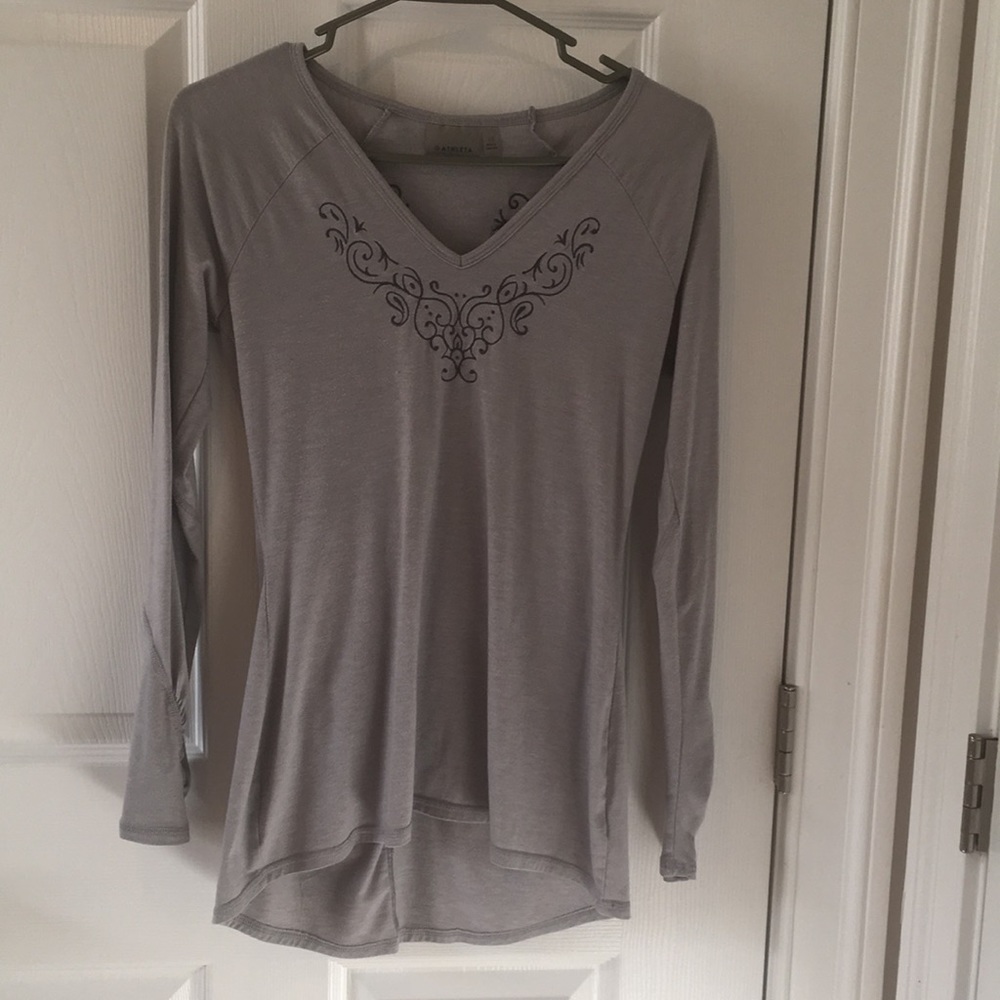 Athleta XS grey shirt with pretty embroidery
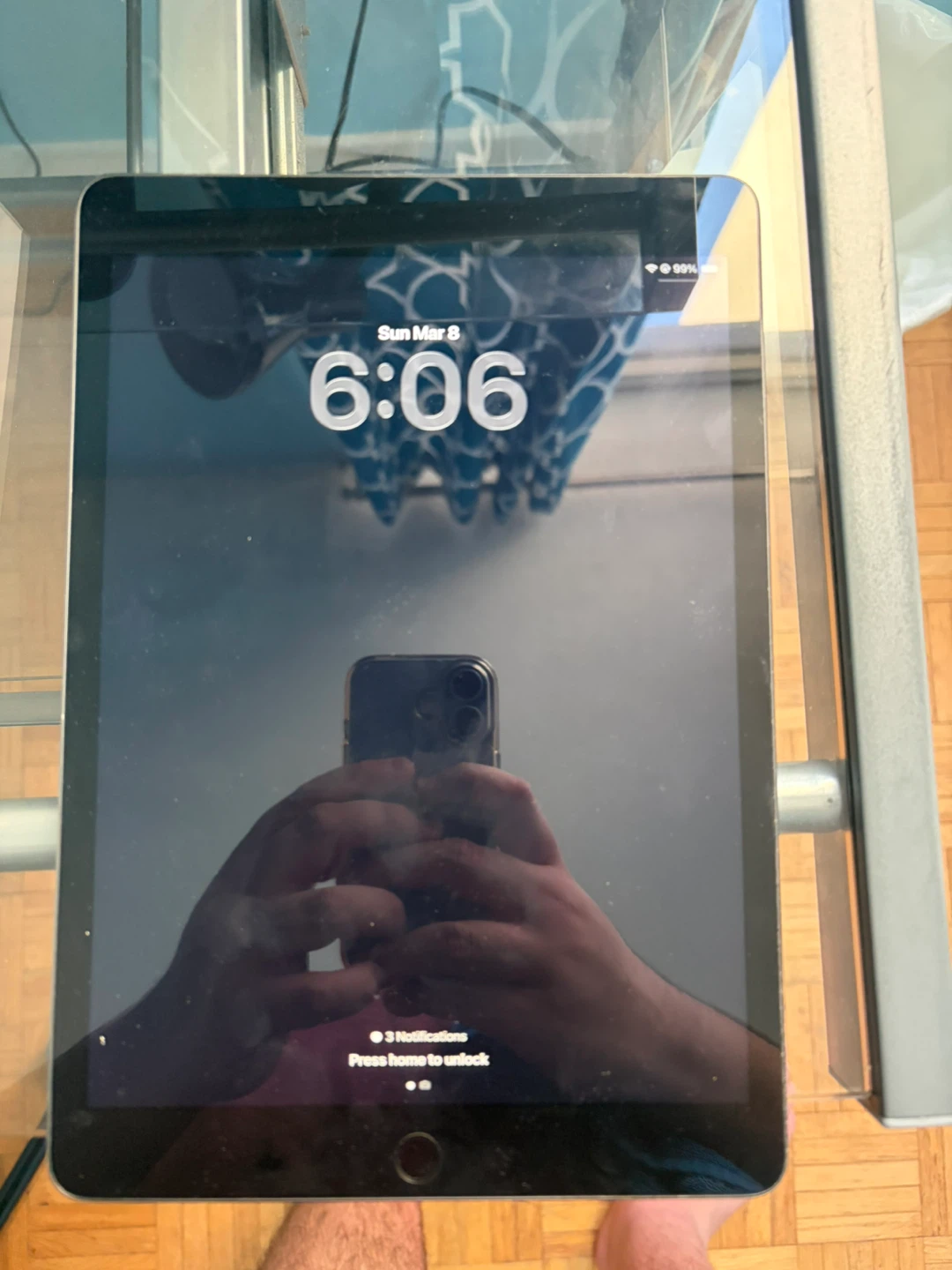 Apple iPad 9th Generation - photo 3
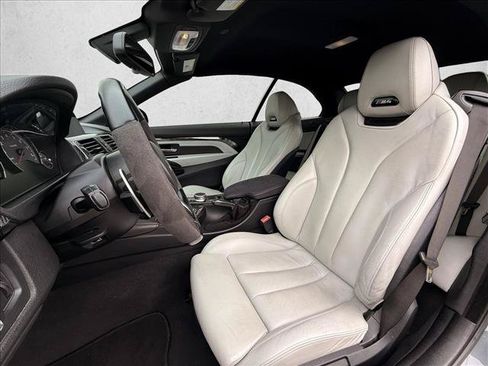 Used 2017 BMW M4 Convertible RWD image 22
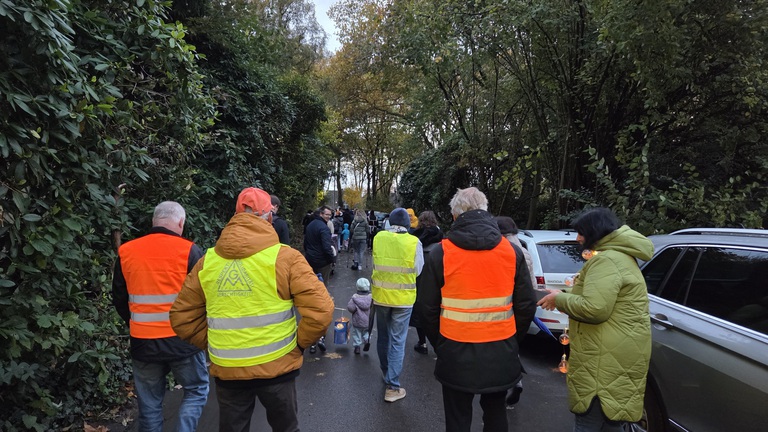 Erster Lichterlauf am 26.10.25 Ordner Team zur Sicherung des Lichter Zuges
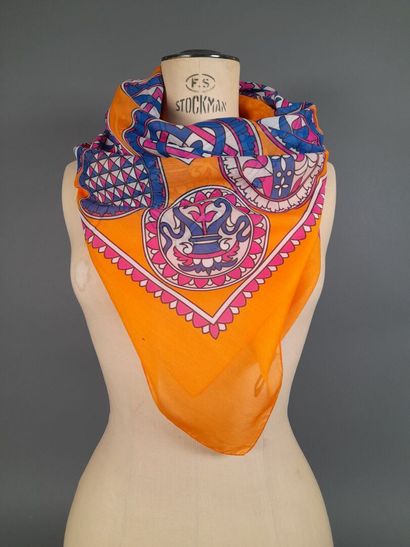 Lot including: 
- UTERQUE.
Cotton and silk...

+ + + + + + +

* EXERCISE REQUIREMENTS *
Retype the entries exactly, skipping every picture.

* EXPECTED ANSWER *
 Athleta XS grey shirt with pretty embroidery
 Apple iPad 9th Generation - photo 3
 Used 2017 BMW M4 Convertible RWD image 22
 Erster Lichterlauf am 26.10.25 Ordner Team zur Sicherung des Lichter Zuges
 Lot including: 
- UTERQUE.
Cotton and silk...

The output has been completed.